Single-cell dissection of regenerating plant roots
THIS SEMINAR HAS BEEN CANCELLED
Dr. Ken Birnbaum
April 17 at 12:20pm in the Fralin Auditorium, 102 Fralin Hall
Hosted by Dr. B. Bargmanmn
Plants can reform their growth centers known as meristems readily after injury or complete removal. We have tested many species for this property and this ability to re-organize the meristem from somatic cells is an apparent universal trait for all land plants with a true root. We are interested in root regeneration as a repair process but also to understand how this highly self-organizing structure assembles itself any developmental context. Much of our efforts have been focused on piecing together an “order of assembly,” where past work has pointed to embryonic ontogeny during regeneration. I will present recent work on using high coverage single-cell RNA-seq to essentially track regeneration cell-by-cell in a time series. This is allowing us to piece together the reformation of specific domains and signaling centers. One critical piece of missing information in these techniques is how early forming domains communicate to re-organize the meristem over a matter of days.
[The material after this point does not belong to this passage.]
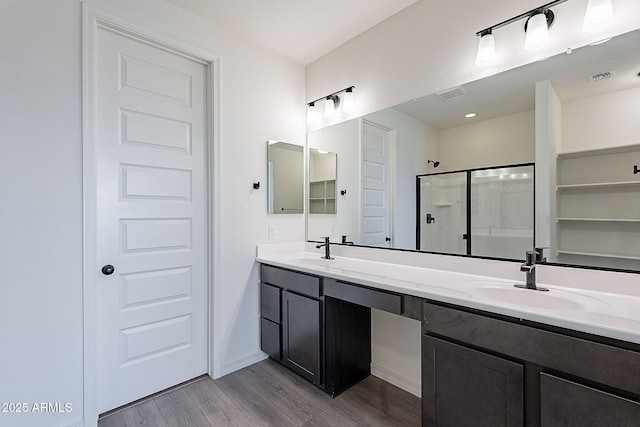 bathroom featuring a stall shower, wood finished floors, a sink, and visible vents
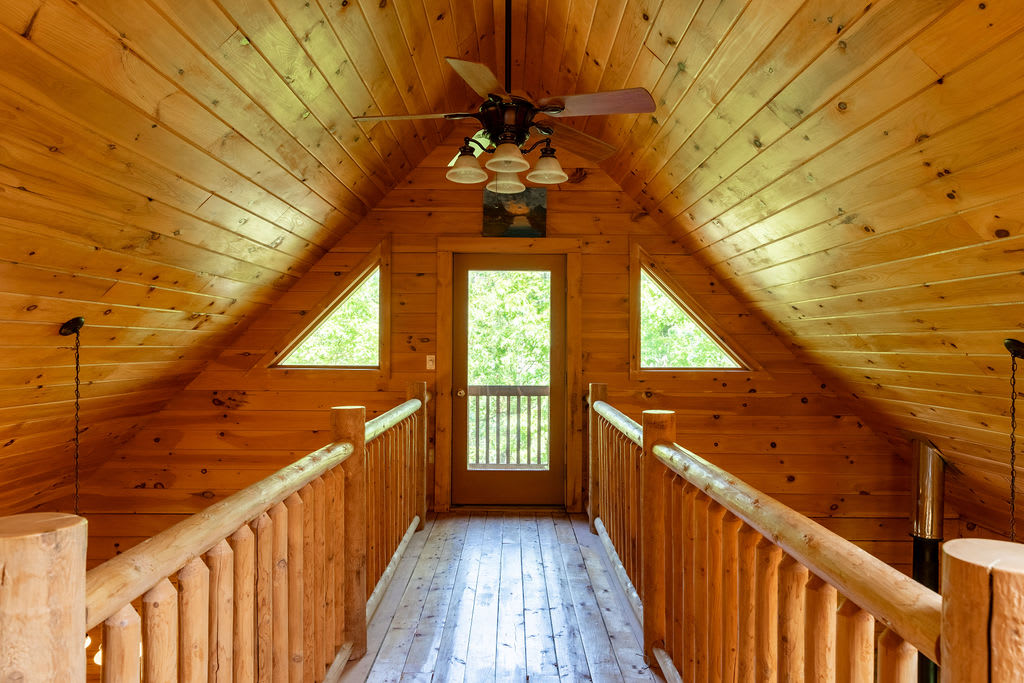 An upstairs landing with a wooden floor and sloped wood-paneled ceiling, featuring a door leading to a balcony flanked by two triangular windows, and log railings.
I will present new techniques in which we block one major route of communication in plants, plasmodesmata, to analyze the effects on neighboring and distant cells. We are also developing proteomic techniques to identify cell-to-cell mobile transcription factors, a major signaling mode in plant development.
Kenneth Birnbaum received a master’s in Environmental Science at the University of Wisconsin, Madison, and his PhD from New York University/American Museum of Natural history in 2000, studying conservation genetics of avocado landraces. Before that, he worked as a journalist, specializing in environmental issues including writing scripts for Earthwatch Radio during his masters work in Madison. In his postdoc with Philip Benfey, he developed new techniques to profile single-cell types in Arabidopsis, opening up new approaches in developmental genomics. He started his lab at New York University’s Center for Genomics and Systems Biology in 2004. The lab has focused on regeneration and root meristem organization, most recently using single-cell RNA-seq to dissect tissue organization and cellular transitions over time during regeneration. The lab combines live microscopy with global analysis and coordinates the two perspectives to examine re-assembly of the plant meristem during repair. The work has focused new attention on the mechanisms that enable regeneration of the plant’s growth centers.
There are no suggested readings for this seminar.